The Blade Runner inlet manifold was released in 2007. In the fall of 2007, aFe added diesel fluid filters for diesel applications. In 2008, aFe introduced the Aries 1 and Aries 2 filters and intakes for popular powersport applications. In 2009, the company released the Bladerunner intercooler for sport compacts.

In 2011, the company released a new turbocharger and Scorcher Programmer product lines.

aFe produces three versions of air filter media, including their original Pro 5R, Pro Guard 7 and Pro Dry S. The Pro 5R media is a five-layer cotton gauze media. The patented Pro-Guard 7 combined the Pro 5R media with the addition of two layers of synthetic media. Both of these media require filter-recharging oil. The Pro Dry S media is a three-layer synthetic media and requires no filter oil.
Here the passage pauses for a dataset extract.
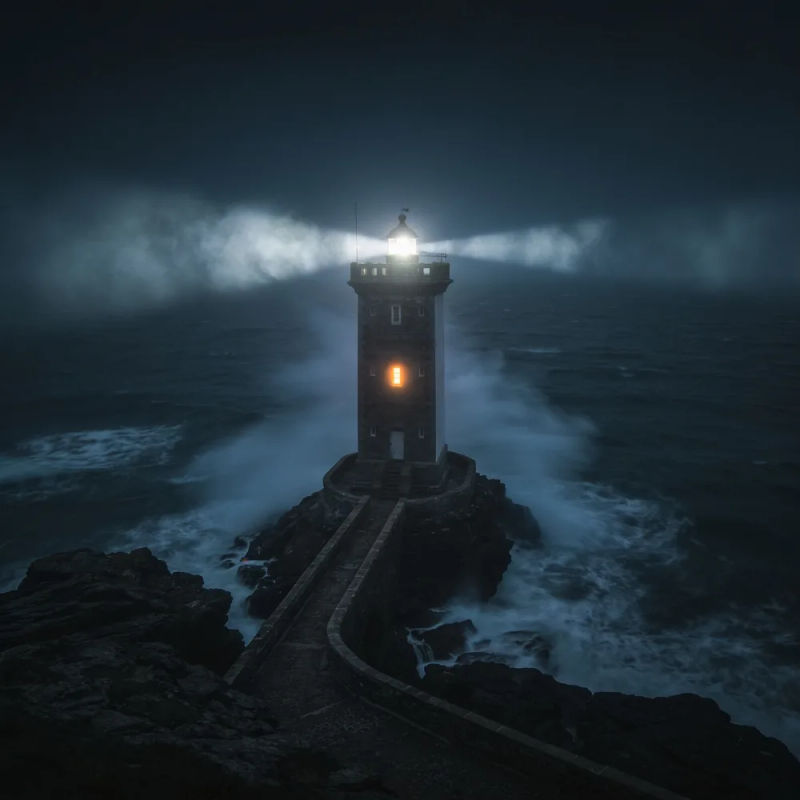 Ein einsamer Leuchtturm auf einer felsigen Landzunge bei Nacht, sein Strahl zieht durch Seenebel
aFe specializes in the diesel truck performance aftermarket with a line-up of products for these applications. aFe's Pro Guard D2 filter program includes oil, fuel and transmission filters.

== Milestones and awards ==
aFe Power was an associate sponsor of Allan Pflueger's and Chuck Foreman's off-road racing trucks. In 2007, Chuck Foreman's Baja 1000 Pflueger racing truck logged over 1400 mi, winning the race using the Pro Guard 7 filter.

In 2007, it was awarded "Editors Choice Product of the Year" by an off-road business magazine. In 2009 and 2010, aFe was awarded the SEMA Global Media Award.